Polecany post

Spis recenzji...

czyli porządek musi być! Jak już człowiek dłużej, niż rok prowadzi bloga, to może pogubić się, o jakiej książce pisał, a o jakiej nie.  Pos...

niedziela, 25 lutego 2018

Demoniczna dentystka


Zdjęcie użytkownika Ewa Anna.
Tytuł oryginału - Demon Dentist
Tłumaczenie - Karolina Zaremba
Wydawnictwo: Dom Wydawniczy Mała Kurka
Data wydania: 19 października 2015
ISBN 9788362745203
Liczba stron: 448

Chyba zaistniał nowy nurt w literaturze dziecięcej...
Sięgnęłam po książkę tylko dlatego, że czytał ją chrześniak. A warto wiedzieć, co czytają najbliżsi. Szczególnie dzieci.
Szybka lektura. 2 dni. Mógł być 1, ale śpię, robię inne rzeczy - jestem wolontariuszką w schronisku.

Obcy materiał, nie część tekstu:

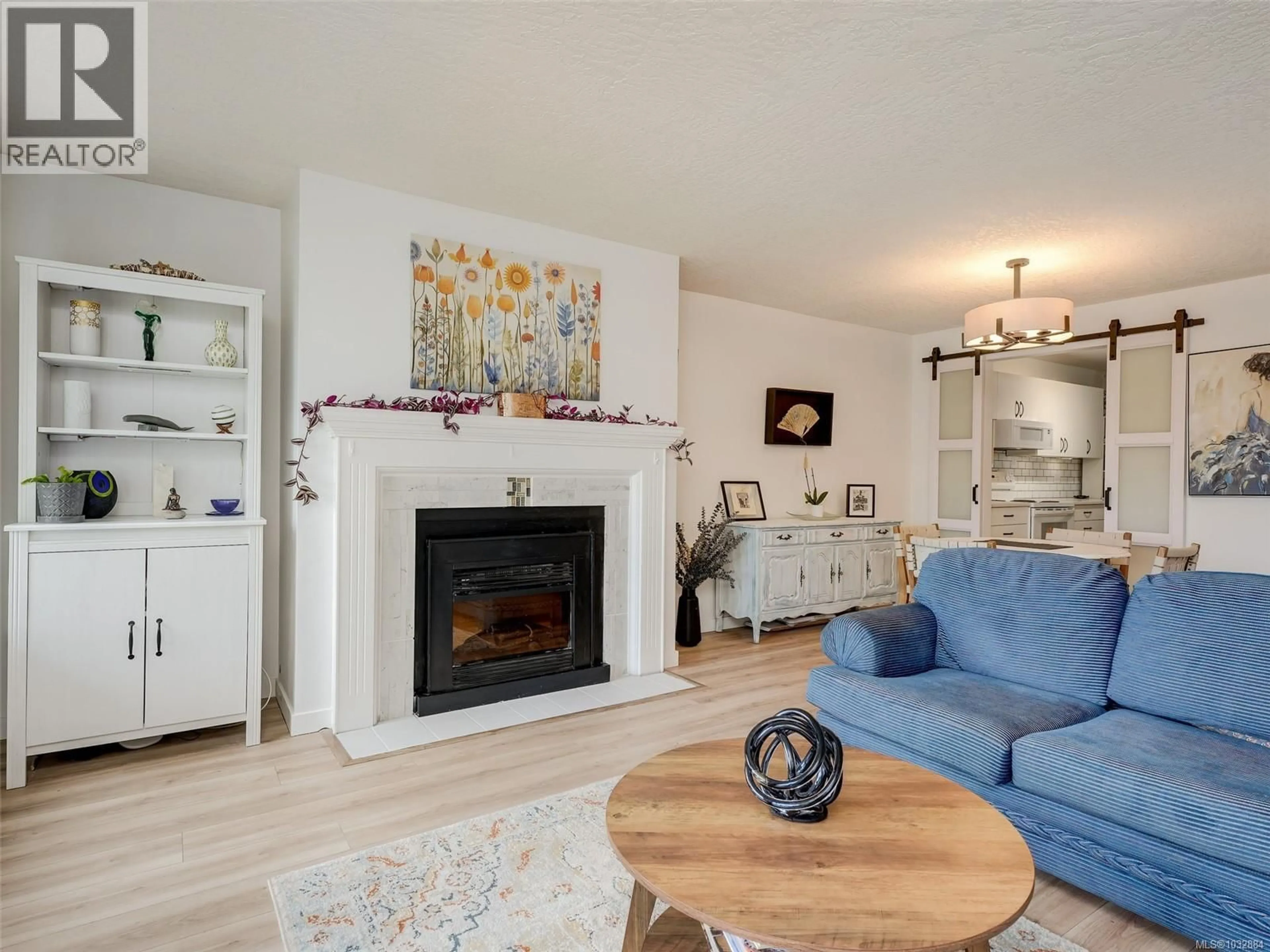 Living room with furniture, wood/laminate floor for 41 - 909 ADMIRALS ROAD, Esquimalt British Columbia V9A2P1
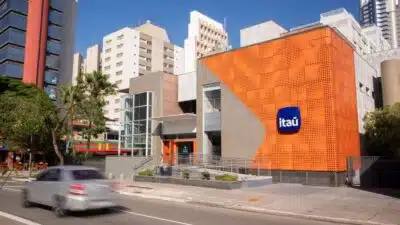 Itaú Unibanco Revela Estratégias e Desafios no Sistema Financeiro Após Crise Bancária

Książka wzbudziła we mnie różne emocje:
- Smutek. Pierwsze strony - cios w serce. Główny bohater, Alfie jest półsierotą. Jego matka umarła w czasie porodu, a tata jest ciężko chory. W domu bieda aż piszczy.

- Irytacja. Irytowała mnie większość bohaterów. Postaci są wręcz przerysowane. Np. wzbudzający litość, a nie szacunek dyrektor szkoły Szary.
Najbardziej irytowała mnie opiekunka społeczna Winnie. Nie chodzi mi o to, jak się ubierała, Ale o to, że przychodzi do domu, w którym nie ma co do garnka włożyć i wyżera ostatnią paczkę ciasteczek. No, pod koniec książki zyskała ciut mojej sympatii.

- Obrzydzenie. Wystarczy przeczytać recepturę pasty do zębów sporządzonej przez tytułową dentystkę.

Ani razu się nie śmiałam. Nawet przy teoretycznie śmiesznych momentach - jak widok majtek nauczycielki, czy Winnie w bieliźnie.

PS. Dlaczego kot 🐱 musiał być ZŁY???

Nie wiem, czy polecam. Sama jednak nie żałuję lektury.